В понедельник вечером, в половине десятого, в баре мотеля у меня за плечом внезапно возник Стейнгер и предложил поговорить у меня в номере. Я проглотил последнюю, третью, порцию выпивки и вышел вместе с ним. Воздух был очень плотным и влажным. Стейнгер сказал, что гроза помогла бы и, может быть, грянет ночью.

Оказавшись в номере, я вспомнил, о чем все время забывал спросить.

– У Холтона есть какой-то приятель в полиции, открывающий для него двери в мотелях и подобных местах. Кто это?

– Не в городской полиции. Дэйв Брун. Следователь по особым делам из департамента шерифа. Истинный сукин сын, скользкий, маленький. Сперва шериф, Эймос Тарк, не хотел его брать. Было это лет семь назад. Но на Эймоса было оказано политическое давление. Про Дэйва Бруна постоянно ходит масса слухов. Хотите, чтоб вам оказали небольшую услугу, когда, скажем, какой-нибудь гад начнет действовать вам на нервы, ухлестывая за вашей женой, – обращайтесь к Дэйву. Он сядет ей на хвост, напугает до смерти, устроит облаву, но потом, когда Дэйву от вас что-то понадобится, в его распоряжении окажутся имена, даты, фотокопии регистрационных книг из мотелей, так что вы ему поможете. У него куча влиятельных политических связей в этой части штата. Многие юристы дают ему небольшие особые поручения. Он старательный, держит язык за зубами.

– Следующий вопрос. Адвокат Уинтин Хардахи его человек?

– Господи, да вы везде пролезли, Макги. Насколько мне известно, да. Голос тихий, только с ним лучше не ссориться. Острый нюх, честность. Никто не смеет давать ему указания.

– Что насчет Холтона и записки?

– А нельзя ли и мне задать кое-какие вопросы?

– Вы получите на них ответы. Так что с Холтоном?

– У парня нынче утром такое похмелье, что он еле-еле моргает. Не может голову повернуть. Обливается потом. Весь порезался, когда брился. Вот что с ним было. Они вернулись из Веро-Бич в субботу вечером после десяти. Это установлено – засекли радио в их машине. Выпил пива и сразу лег. Говорит, почти не спал ночью в пятницу, когда ушел из дому. Долго ездил вокруг, немного постоял возле дома Верц, но она не вернулась. Встал, по его словам, в три. Поэтому ночью в субботу беспробудно спал. В воскресенье утром проснулся около половины одиннадцатого. Жена была уже на ногах. Когда сидел на кровати, зазвонил телефон. Поднял трубку, ответил. Какое-то время звонивший молчал, он уж думал, на линии неполадки. Звонит один раз, и все. Потом, говорит, кто-то начал шептать. Он сперва ничего не понял. Тогда прошептали еще раз и бросили трубку. Не может сказать, мужчина или женщина. Сказанное для него не имело никакого смысла. Прошептали следующее:

– "Полиция нашла записку, которую она оставила новому любовнику". Посчитал это какой-то идиотской выходкой. Потом увидел первую страницу газеты, не стал завтракать, не сказал никому ни единого слова, поехал в город и хитростью вынудил Фостера показать записку. Начал разыскивать вас. Жутко набрался. Мог пристрелить. Признался, что серьезно об этом подумывал. – Стейнгер вдруг вытаращил на меня глаза:

– Черт возьми, что с вами?

– Щелчок. В голове что-то плывет беспорядочно, а потом раздается щелчок, все выстраивается и обретает смысл.

– Ну-ка, что за щелчок?

– Вы, случайно, не упоминали при Дженис Холтон что-либо про некоего Макги из Форт-Лодердейла?

– Ни словом.

– Телефон звонит один раз, и все. В доме Холтона и в доме Пайка.

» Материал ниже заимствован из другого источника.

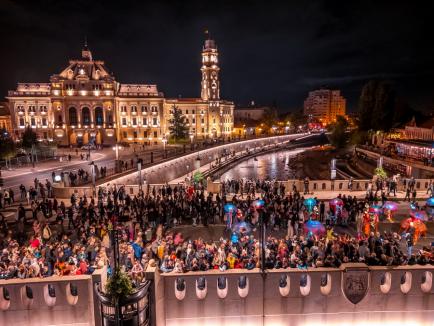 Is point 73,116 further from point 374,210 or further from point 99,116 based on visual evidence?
point 374,210

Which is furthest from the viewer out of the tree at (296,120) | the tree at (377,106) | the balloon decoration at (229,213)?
the tree at (296,120)

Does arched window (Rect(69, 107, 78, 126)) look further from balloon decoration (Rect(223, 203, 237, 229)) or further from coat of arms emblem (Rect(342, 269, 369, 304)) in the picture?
coat of arms emblem (Rect(342, 269, 369, 304))

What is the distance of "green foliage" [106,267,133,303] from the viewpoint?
26.0ft

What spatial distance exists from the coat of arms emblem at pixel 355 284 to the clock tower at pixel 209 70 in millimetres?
92403

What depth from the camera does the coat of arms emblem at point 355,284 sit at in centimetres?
934

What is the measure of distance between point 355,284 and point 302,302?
1.53m

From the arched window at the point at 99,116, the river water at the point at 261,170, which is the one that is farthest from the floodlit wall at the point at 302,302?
the arched window at the point at 99,116

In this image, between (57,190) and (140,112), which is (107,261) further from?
(140,112)

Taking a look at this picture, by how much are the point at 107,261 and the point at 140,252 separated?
1989mm

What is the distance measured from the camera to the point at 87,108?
8062 cm

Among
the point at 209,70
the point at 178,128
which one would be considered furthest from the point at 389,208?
the point at 209,70

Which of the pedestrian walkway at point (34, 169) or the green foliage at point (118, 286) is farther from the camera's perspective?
the pedestrian walkway at point (34, 169)

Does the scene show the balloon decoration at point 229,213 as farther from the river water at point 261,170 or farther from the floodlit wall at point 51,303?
the river water at point 261,170

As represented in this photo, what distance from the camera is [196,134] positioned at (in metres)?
97.2
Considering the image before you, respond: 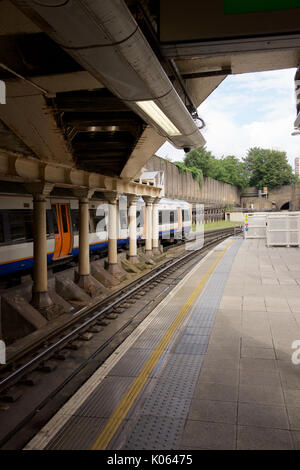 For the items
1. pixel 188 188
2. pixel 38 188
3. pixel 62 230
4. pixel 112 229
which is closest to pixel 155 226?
pixel 112 229

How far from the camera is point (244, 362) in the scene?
5.62m

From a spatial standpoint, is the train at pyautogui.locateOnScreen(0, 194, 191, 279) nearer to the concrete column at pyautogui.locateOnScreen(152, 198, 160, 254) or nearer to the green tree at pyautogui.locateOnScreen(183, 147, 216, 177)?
the concrete column at pyautogui.locateOnScreen(152, 198, 160, 254)

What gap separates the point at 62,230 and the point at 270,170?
87.4 metres

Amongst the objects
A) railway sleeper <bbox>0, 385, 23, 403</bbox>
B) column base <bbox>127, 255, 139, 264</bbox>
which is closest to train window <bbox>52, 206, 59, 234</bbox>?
column base <bbox>127, 255, 139, 264</bbox>

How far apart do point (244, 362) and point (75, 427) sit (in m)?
2.63

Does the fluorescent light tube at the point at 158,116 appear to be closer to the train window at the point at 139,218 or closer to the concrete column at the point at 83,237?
the concrete column at the point at 83,237

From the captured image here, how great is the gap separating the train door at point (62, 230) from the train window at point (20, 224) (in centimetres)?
148

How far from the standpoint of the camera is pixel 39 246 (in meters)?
9.37

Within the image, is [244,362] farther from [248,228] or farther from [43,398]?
[248,228]

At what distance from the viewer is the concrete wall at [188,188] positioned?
112 feet

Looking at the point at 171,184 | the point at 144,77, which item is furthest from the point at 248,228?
the point at 144,77

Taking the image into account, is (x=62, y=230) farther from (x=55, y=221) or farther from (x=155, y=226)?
(x=155, y=226)

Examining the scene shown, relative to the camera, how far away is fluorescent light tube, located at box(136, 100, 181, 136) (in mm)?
4969

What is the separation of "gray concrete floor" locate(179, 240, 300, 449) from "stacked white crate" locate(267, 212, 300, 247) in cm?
1116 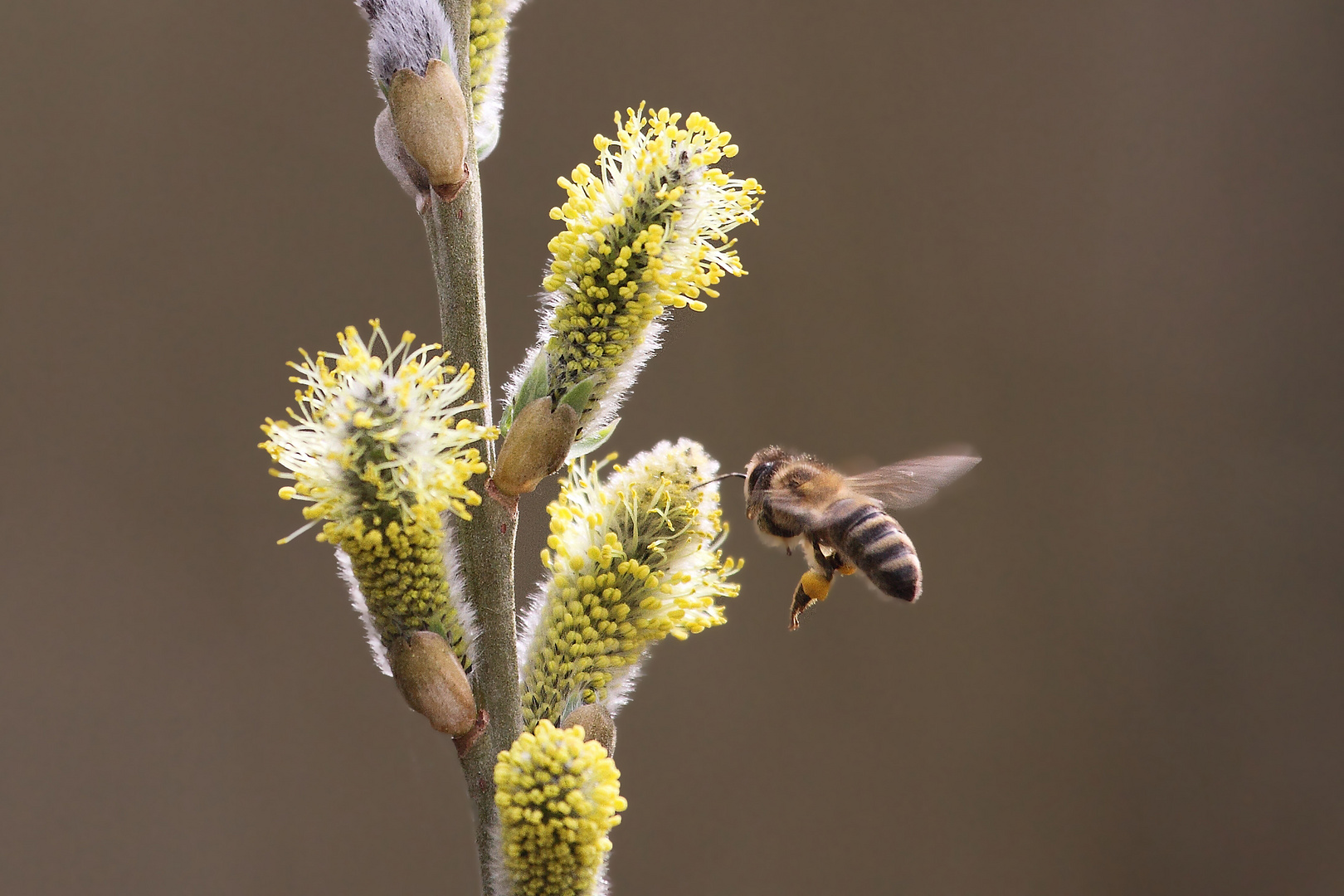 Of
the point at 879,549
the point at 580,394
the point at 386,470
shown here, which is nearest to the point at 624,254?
the point at 580,394

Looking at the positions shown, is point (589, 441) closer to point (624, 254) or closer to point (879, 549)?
point (624, 254)

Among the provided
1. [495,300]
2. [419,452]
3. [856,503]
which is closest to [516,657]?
[419,452]

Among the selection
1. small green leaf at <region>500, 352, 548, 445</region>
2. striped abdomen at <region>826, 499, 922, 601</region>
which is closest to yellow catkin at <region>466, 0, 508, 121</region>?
small green leaf at <region>500, 352, 548, 445</region>

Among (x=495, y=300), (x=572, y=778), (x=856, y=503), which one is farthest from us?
(x=495, y=300)

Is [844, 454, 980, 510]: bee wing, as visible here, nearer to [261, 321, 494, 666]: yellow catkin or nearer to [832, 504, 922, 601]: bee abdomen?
[832, 504, 922, 601]: bee abdomen

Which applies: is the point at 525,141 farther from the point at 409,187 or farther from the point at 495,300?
the point at 409,187

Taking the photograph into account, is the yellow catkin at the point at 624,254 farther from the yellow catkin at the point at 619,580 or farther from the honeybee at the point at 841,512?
the honeybee at the point at 841,512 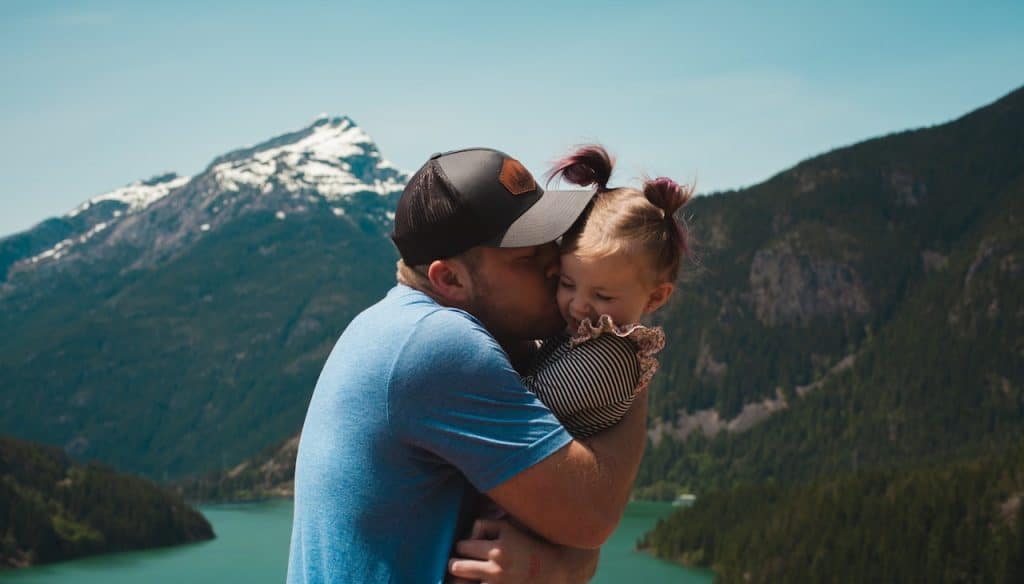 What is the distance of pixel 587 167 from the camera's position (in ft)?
17.0

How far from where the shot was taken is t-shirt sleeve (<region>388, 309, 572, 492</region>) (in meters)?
4.09

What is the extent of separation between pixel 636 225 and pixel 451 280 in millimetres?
724

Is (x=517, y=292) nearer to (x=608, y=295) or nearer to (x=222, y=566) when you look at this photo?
(x=608, y=295)

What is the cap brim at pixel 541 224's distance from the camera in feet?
14.6

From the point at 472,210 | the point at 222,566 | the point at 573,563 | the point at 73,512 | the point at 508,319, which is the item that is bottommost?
the point at 222,566

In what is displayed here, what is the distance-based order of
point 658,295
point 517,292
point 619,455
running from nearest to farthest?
point 619,455
point 517,292
point 658,295

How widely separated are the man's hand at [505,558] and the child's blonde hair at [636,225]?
106 centimetres

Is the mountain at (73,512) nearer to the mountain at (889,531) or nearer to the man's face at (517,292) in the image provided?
the mountain at (889,531)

– Помедленнее и поразборчивее, приятель. На хорошем американском языке.

– У Дженис есть милый, прекрасный, заботливый, нежный друг, с которым она тайно встречается. Никакой физической связи, по ее утверждению. Она узнала про Холтона с Пенни от того, кто нашептал ей новость по телефону.

– Да что вы!

– Любовный код, Стейнгер. Тайные игры. Есть место для встреч. Хорошее, укромное место. Звонишь, даешь один звонок и кладешь трубку. Другой партнер смотрит на часы. Через пять минут снова звонок. Значит: встречаемся в пять часов в обычном месте, если можешь, дорогая. Или звонок через восемь минут, через две, через двенадцать, когда свидание в полдень или в полночь. Значит, ей обо мне рассказал Том Пайк. Случайно обмолвился в разговоре о человеке по имени Макги, который почти шесть лет назад познакомился в Лодердейле с его женой, свояченицей и тещей и который приходил обедать. Может, мое присутствие на обеде и помешало свиданию. Она проговорилась Случайно, не подумав.

– Так кто шепчет? Том Пайк? Господи помилуй! Когда шептун звонил Холтону, Том Пайк летел в Джэксонвилл. Ладно, Пайк знал о записке от Наденбаргера, но даже если звонил именно он – с какой целью? Совсем запутать Холтона? Для чего? Том Пайк не из тех, кто способен расторгнуть брак, пускай даже такой неудачный. Даже если этот парень держит на привязи Дженис Холтон, что он старается доказать или сделать?

– Полагаю, в субботу у них с Дженис было назначено важное свидание за городом. Но Рик все испортил, поехав с ней. Она не смогла предупредить Тома, что ей пришлось вместе с мужем ехать к сестре в Веро-Бич.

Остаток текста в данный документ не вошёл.